D/A converters

Introduction

Sometimes, the information available for processing is in digital form, while in most cases, it is available in analog form. For example, the outputs of digital voltmeters, digital frequency meters, digital clocks and calculators, etc., are available in digital form. Still, most physical quantities, such as temperature, pressure, light, voltage and current, etc. give information in analog form. It is often necessary to convert information in one form to another form. For example, to convert the temperature (reading of mercury thermometer which is in analog form) in digital readout or in digital form, a transducer such as thermocouple or thermister is first used to convert the physical quantity to electrical quantity; an analog to digital converter then converts this quantity to digital form. Similarly, for plotting the output of a digital system on a curve plotter or X-Y recorder, the digital output is first converted to analog output with the help of digital to analog converter, the output of which drives a servomotor. So analog to digital (A/D) converters or digital to analog (D/A) converters are the interfacing devices that couple the digital system to analog or vice-versa. Here, various types of A/D and D/A converters are discussed.

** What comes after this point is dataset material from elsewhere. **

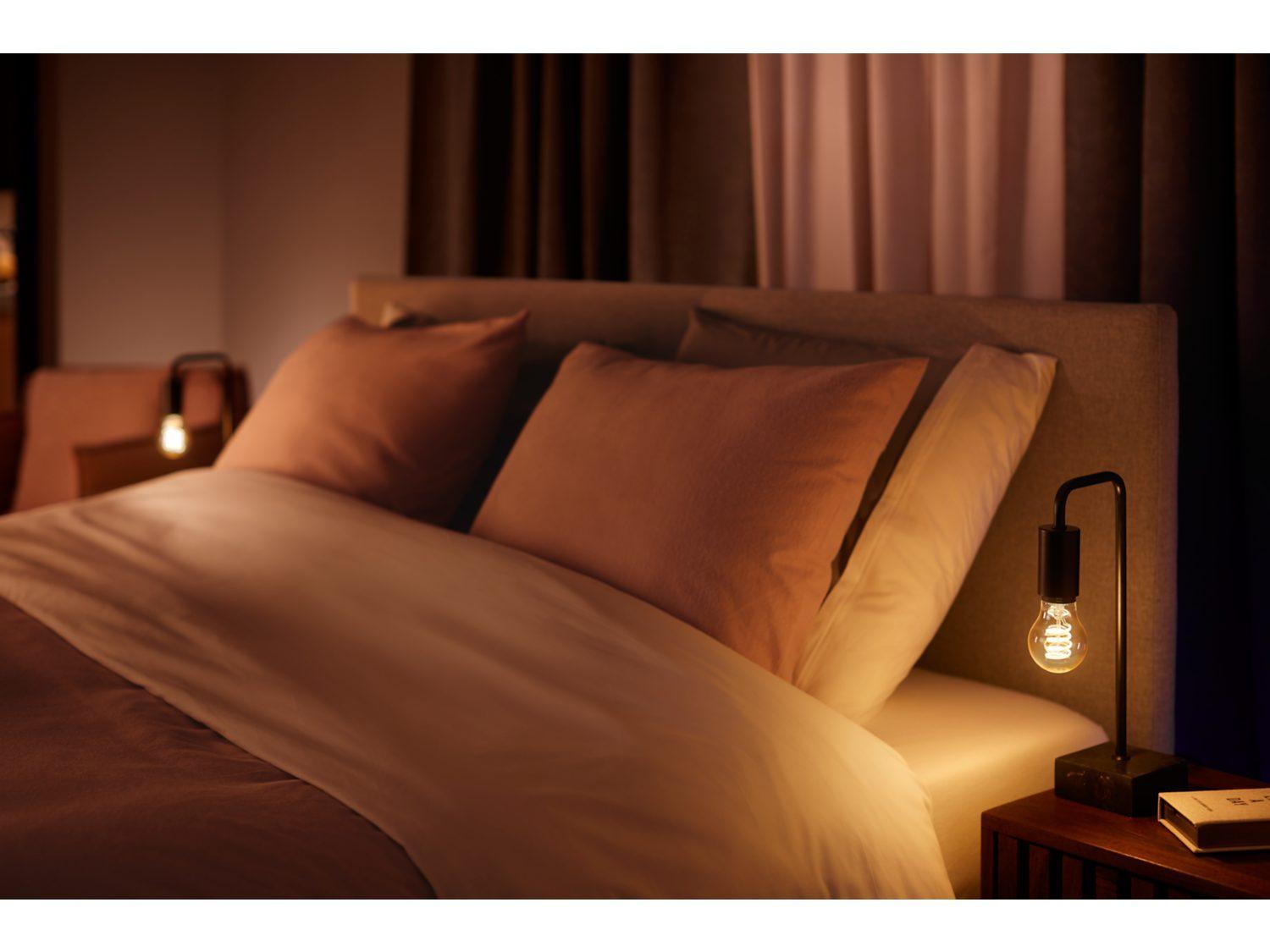 Lampadine led smart A60 Philips Hue attacco E27 7W 2200-4500K 3pz - 25826600 05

Digital to Analog converters

Digital to Analog (D/A) converter converts the digital information into analog form. The input may be n-bit long, having different voltage levels. So, in the D/A converters, some method is to be used that can convert this voltage level of n-bits to its equivalent analog form. This can be accomplished by using different resistive networks. The following two types of resistive networks are used for this purpose:

  1. Resistive Divider Network or weighted resistor network
  2. Binary Ladder Network or R-2R network

The converter, which comprises the resistive divider network, is known as The resistive divider D/A converter and the D/A converter, which comprises the binary ladder network, is known as the binary ladder D/A converter. These converters will now be discussed separately.

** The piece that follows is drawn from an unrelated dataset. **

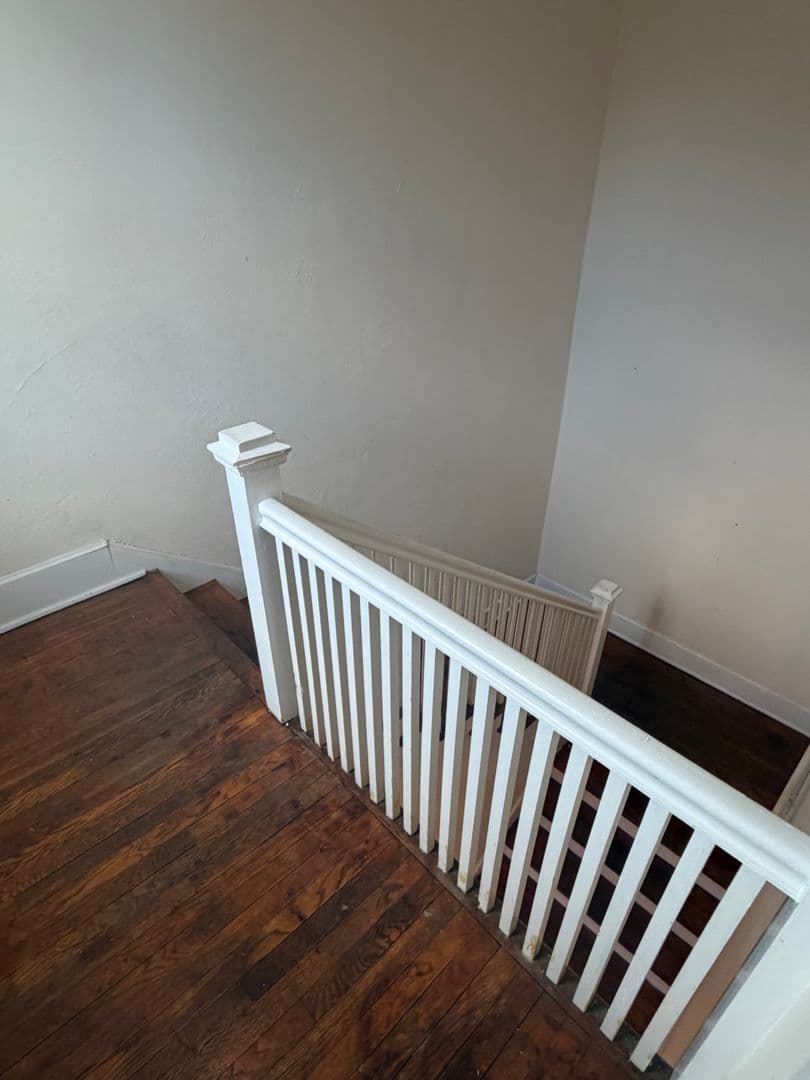 Savannah House: 138 East 48th st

Resistive Divider D/A converter

As discussed above, the resistive divider D/A converter consists of a resistive divider network. So, before discussing the complete circuit diagram of a resistive divider D/A converter, it is better to understand the workings of a resistive divider network. The resistive divider network changes each n-bit digital level into its equivalent analog output. The discussion is now about converting the n-bit digital input to its equivalent analog signal. A weight is assigned to each bit of n-bit digital input, so the weighted sum must equal 1. In general, the binary weight assigned to LSB in an n-bit digital input is \(\frac{1}{2^n-1}\). The weights assigned to \(2^{nd}\) LSB, \(3^{rd}\) LSB, \(4^{th}\) LSB, and so on are obtained by multiplying the weight of LSB to \(2^1=2\), \(2^2=4\), \(2^3=8\), etc. respectively. For instance, weights assigned to different bits of 4-bit binary input \(b_3\) \(b_2\) \(b_1\) \(b_0\) are:

In a four-bit binary system, there will be 16 different possible input combinations, corresponding to which the analog signal will be obtained if it is assumed that a certain reference voltage \(V_{REF}\) is applied whenever there is a 1 in a binary bit. In a 4-bit digital system, if \(V_{REF}\) =15 volts, the analog voltage available for each combination of binary input should be as given in the table.

\(b_{3}\) \(b_{2}\) \(b_{1}\) \(b_{0}\) Weight Analog Voltage
0 0 0 0 0/15 \((0/15)V_{REF}=0\) volt
0 0 0 1 1/15 \((1/15)V_{REF}=1\) volt
0 0 1 0 2/15 \((2/15)V_{REF}=2\) volt
0 0 1 1 3/15 \((3/15)V_{REF}=3\) volt
0 1 0 0 4/15 \((4/15)V_{REF}=4\) volt
0 1 0 1 5/15 \((5/15)V_{REF}=5\) volt
0 1 1 0 6/15 \((6/15)V_{REF}=6\) volt
0 1 1 1 7/15 \((7/15)V_{REF}=7\) volt
1 0 0 0 8/15 \((8/15)V_{REF}=8\) volt
1 0 0 1 9/15 \((9/15)V_{REF}=9\) volt
1 0 1 0 10/15 \((10/15)V_{REF}=10\) volt
1 0 1 1 11/15 \((11/15)V_{REF}=11\) volt
1 1 0 0 12/15 \((12/15)V_{REF}=12\) volt
1 1 0 1 13/15 \((13/15)V_{REF}=13\) volt
1 1 1 0 14/15 \((14/15)V_{REF}=14\) volt
1 1 1 1 15/15 \((15/15)V_{REF}=15\) volt

So the analog voltage for binary word = (weight of the binary word) \( \times V_{REF}\)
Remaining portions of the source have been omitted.